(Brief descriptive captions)
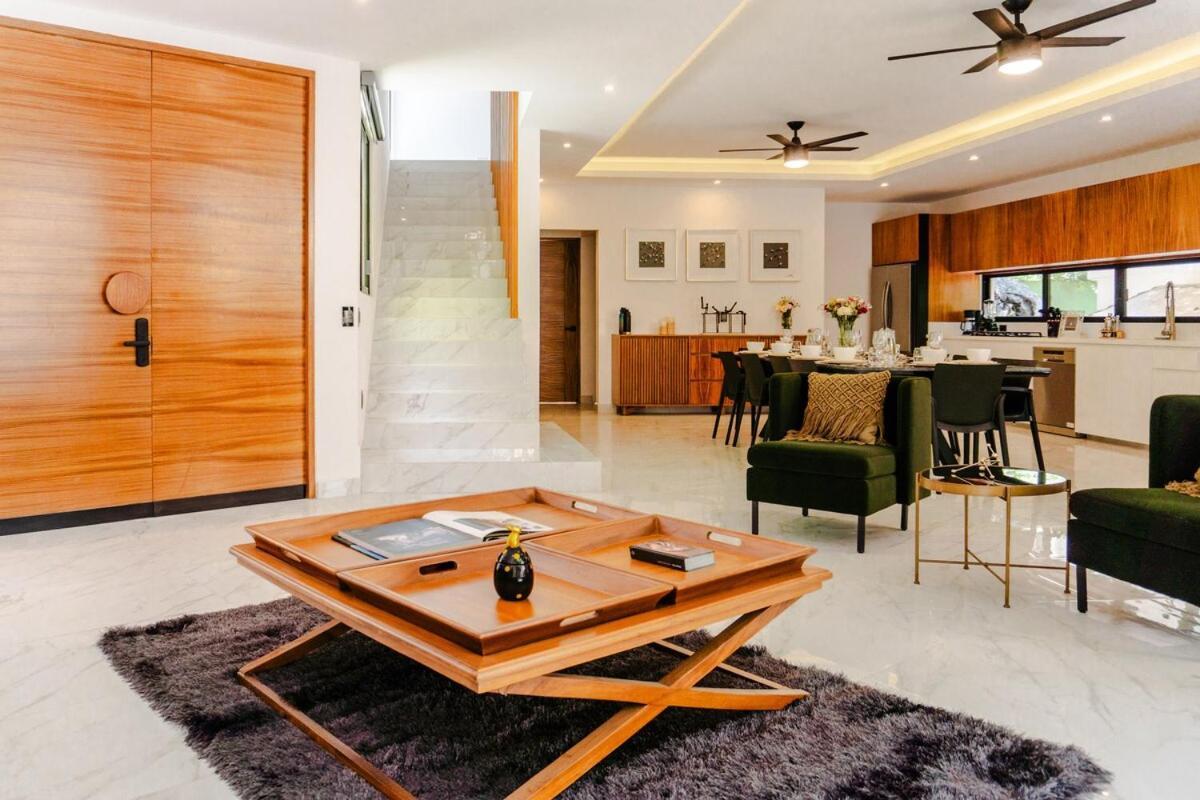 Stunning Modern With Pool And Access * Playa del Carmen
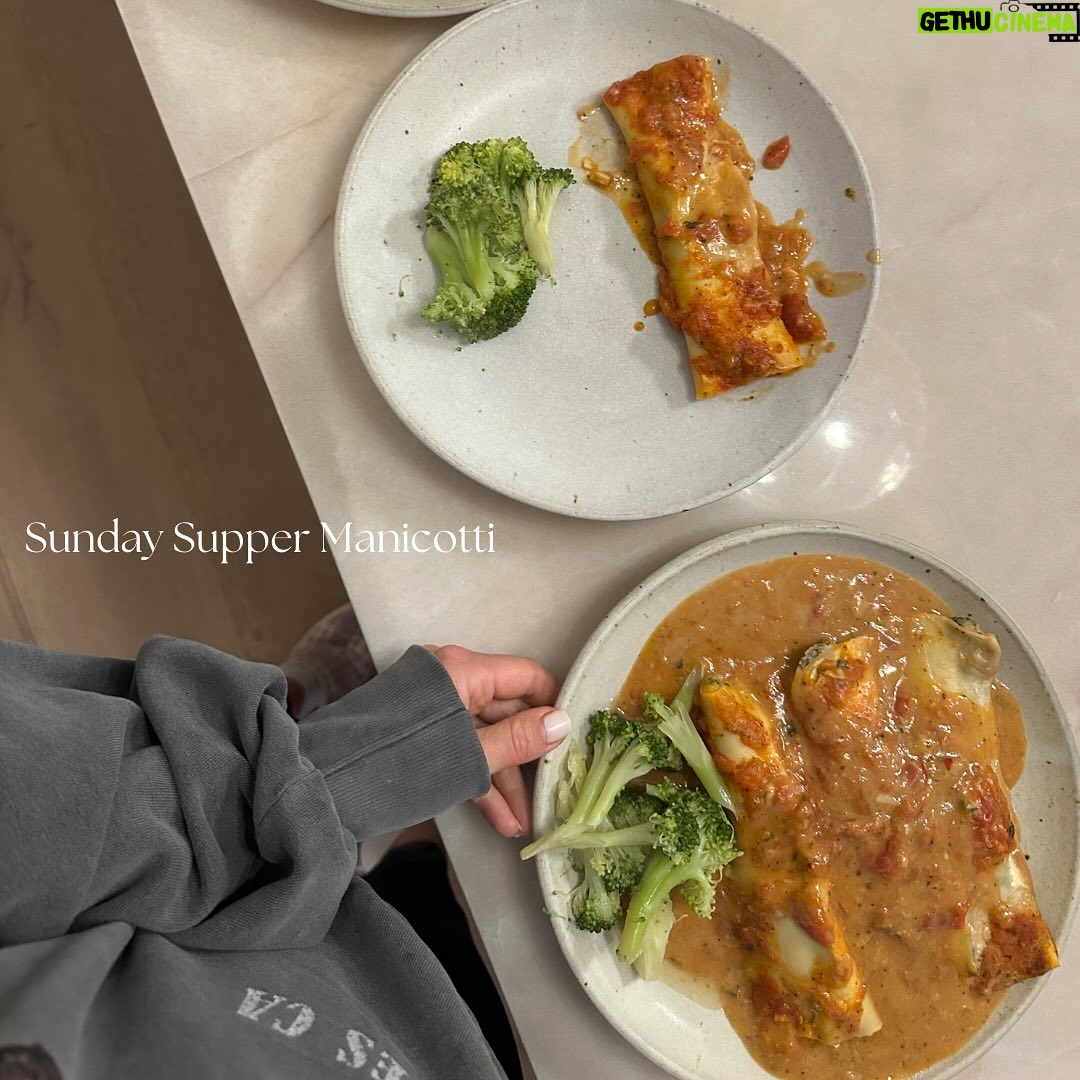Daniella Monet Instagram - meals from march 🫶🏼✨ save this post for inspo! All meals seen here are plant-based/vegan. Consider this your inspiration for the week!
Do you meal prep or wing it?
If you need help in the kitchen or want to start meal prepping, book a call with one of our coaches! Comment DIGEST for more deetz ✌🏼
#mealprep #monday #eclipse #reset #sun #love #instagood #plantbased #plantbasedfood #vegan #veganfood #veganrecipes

Instructions for the task: Return every entry word for word, but drop any pictures.

Written answer:
 Stunning Modern With Pool And Access * Playa del Carmen
Daniella Monet Instagram - meals from march 🫶🏼✨ save this post for inspo! All meals seen here are plant-based/vegan. Consider this your inspiration for the week!
Do you meal prep or wing it?
If you need help in the kitchen or want to start meal prepping, book a call with one of our coaches! Comment DIGEST for more deetz ✌🏼
#mealprep #monday #eclipse #reset #sun #love #instagood #plantbased #plantbasedfood #vegan #veganfood #veganrecipes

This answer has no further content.